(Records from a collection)
..............................
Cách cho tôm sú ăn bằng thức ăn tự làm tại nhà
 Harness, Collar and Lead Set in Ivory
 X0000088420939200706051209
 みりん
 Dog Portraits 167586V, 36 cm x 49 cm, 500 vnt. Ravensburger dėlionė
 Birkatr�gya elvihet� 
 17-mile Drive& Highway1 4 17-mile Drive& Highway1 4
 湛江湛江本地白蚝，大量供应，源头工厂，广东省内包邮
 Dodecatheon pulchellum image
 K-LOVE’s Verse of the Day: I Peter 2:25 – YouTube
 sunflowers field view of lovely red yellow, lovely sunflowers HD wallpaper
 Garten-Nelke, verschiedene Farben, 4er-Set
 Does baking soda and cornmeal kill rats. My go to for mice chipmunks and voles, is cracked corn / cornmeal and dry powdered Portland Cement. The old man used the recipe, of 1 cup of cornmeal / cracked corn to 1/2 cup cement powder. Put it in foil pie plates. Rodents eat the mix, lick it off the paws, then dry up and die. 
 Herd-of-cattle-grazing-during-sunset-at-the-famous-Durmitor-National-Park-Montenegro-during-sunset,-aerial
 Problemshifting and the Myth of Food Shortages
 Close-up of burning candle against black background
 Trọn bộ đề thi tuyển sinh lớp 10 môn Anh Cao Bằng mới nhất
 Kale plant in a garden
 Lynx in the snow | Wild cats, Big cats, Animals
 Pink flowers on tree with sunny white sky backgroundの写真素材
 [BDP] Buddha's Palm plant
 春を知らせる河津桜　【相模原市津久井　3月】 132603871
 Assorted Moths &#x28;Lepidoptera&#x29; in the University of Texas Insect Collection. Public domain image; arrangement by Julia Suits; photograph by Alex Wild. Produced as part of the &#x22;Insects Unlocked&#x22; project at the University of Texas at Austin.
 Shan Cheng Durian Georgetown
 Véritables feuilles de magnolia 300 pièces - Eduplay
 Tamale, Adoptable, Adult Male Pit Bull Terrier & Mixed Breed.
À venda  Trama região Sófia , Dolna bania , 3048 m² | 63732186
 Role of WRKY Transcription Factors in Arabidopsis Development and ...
..............................
Task to carry out — Reproduce precisely, and with no line left out, each line from the top of the entries through the line that carries "春を知らせる河津桜　【相模原市津久井　3月】 132603871".

Exercise answer —
Cách cho tôm sú ăn bằng thức ăn tự làm tại nhà
 Harness, Collar and Lead Set in Ivory
 X0000088420939200706051209
 みりん
 Dog Portraits 167586V, 36 cm x 49 cm, 500 vnt. Ravensburger dėlionė
 Birkatr�gya elvihet� 
 17-mile Drive& Highway1 4 17-mile Drive& Highway1 4
 湛江湛江本地白蚝，大量供应，源头工厂，广东省内包邮
 Dodecatheon pulchellum image
 K-LOVE’s Verse of the Day: I Peter 2:25 – YouTube
 sunflowers field view of lovely red yellow, lovely sunflowers HD wallpaper
 Garten-Nelke, verschiedene Farben, 4er-Set
 Does baking soda and cornmeal kill rats. My go to for mice chipmunks and voles, is cracked corn / cornmeal and dry powdered Portland Cement. The old man used the recipe, of 1 cup of cornmeal / cracked corn to 1/2 cup cement powder. Put it in foil pie plates. Rodents eat the mix, lick it off the paws, then dry up and die. 
 Herd-of-cattle-grazing-during-sunset-at-the-famous-Durmitor-National-Park-Montenegro-during-sunset,-aerial
 Problemshifting and the Myth of Food Shortages
 Close-up of burning candle against black background
 Trọn bộ đề thi tuyển sinh lớp 10 môn Anh Cao Bằng mới nhất
 Kale plant in a garden
 Lynx in the snow | Wild cats, Big cats, Animals
 Pink flowers on tree with sunny white sky backgroundの写真素材
 [BDP] Buddha's Palm plant
 春を知らせる河津桜　【相模原市津久井　3月】 132603871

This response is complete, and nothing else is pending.